If AI detects more low-grade, non-invasive “cancers” like ductal carcinoma in situ (DCIS), that could lead to overtreatment. New research shows that outcome is likely. A 2023 study in The Lancet Digital Health examined how AI could be used to assist screening in a national breast cancer screening program to reduce workload for radiologists. In a randomized controlled trial, researchers found that screening supported by AI had a similar cancer detection rate to a standard reading by radiologists. However, AI-supported screening also detected nearly double the number of DCIS cases than standard screening.
But it’s not all bad news! There are ways that AI could help reduce the problem of overdiagnosis. Adamson and Welch suggest that AI algorithms could be trained to uncover “gray area” cases where pathologists disagree about whether an abnormality is cancer, to increase attention to diagnostic uncertainty, improve efficiency, and help researchers understand more about how cancers develop.
Researchers from the Australian Centre for Health Engagement, Evidence and Values suggest that autopsy studies could provide data to train AI to distinguish between fatal and non-fatal cancers, given that many older people die “with” cancer but not “because” of cancer. Data from trials of “watchful waiting” could also potentially be used to build AI algorithms that detect overdiagnosis.
Moving towards an equitable future
In a virtual event hosted by Stat News and the Gordon and Betty Moore Foundation, Putting AI to the Test featured AI experts Dr. Vincent Liu (Kaiser Permanente), Dr. Melissa McCradden (Hospital for Sick Children), and Dr. Ziad Obermeyer (UC Berkeley) who spoke to what’s next for an ethical and equitable future of AI.
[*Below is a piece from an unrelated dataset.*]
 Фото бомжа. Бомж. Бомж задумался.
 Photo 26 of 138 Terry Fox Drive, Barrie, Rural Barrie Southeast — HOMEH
Ultimately, the panelists reminded us that AI is merely a tool to make doctors better at what they do. AI is not a one-size-fits-all approach and it must be tailored to the settings in which it is used. For the world of breast cancer screening, this means prioritizing the creation of AI systems that perform not only well, but equitably by targeting the known racial and ethnic disparities in breast cancer. To avoid the common problem of perpetuating health disparities through AI, we should incorporate patient experiences and outcomes into algorithmic formation, said Dr. Obermeyer.
“Rather than training the AI to replicate human judgment, train the algorithm to replicate patient outcomes and longitudinal things that happen to that patient that are sources of truth.”
Dr. Ziad Obermeyer, “Putting AI to the Test”
Pew Research’s finding that three-quarters of Americans are concerned about physicians adopting AI into their practice too quickly without fully assessing its potential risks underscores the importance of putting AI to the test before adopting it on a global scale. The provision of grants – such as the one received by Rensselaer Polytechnic Institute (RPI) and Albany Medical College to study the use of AI in breast cancer treatment – and ongoing evaluation of screening and diagnostic tools ahead of their widespread adoption will be key to AI’s success. Moving forward, we must work to address the issues at the core of overdiagnosis and overtreatment, including improper risk assessment, ill-informed screening referrals, and breakdowns in communication between patients and physicians. Applying AI to a broken system will only exacerbate the issue, not solve it.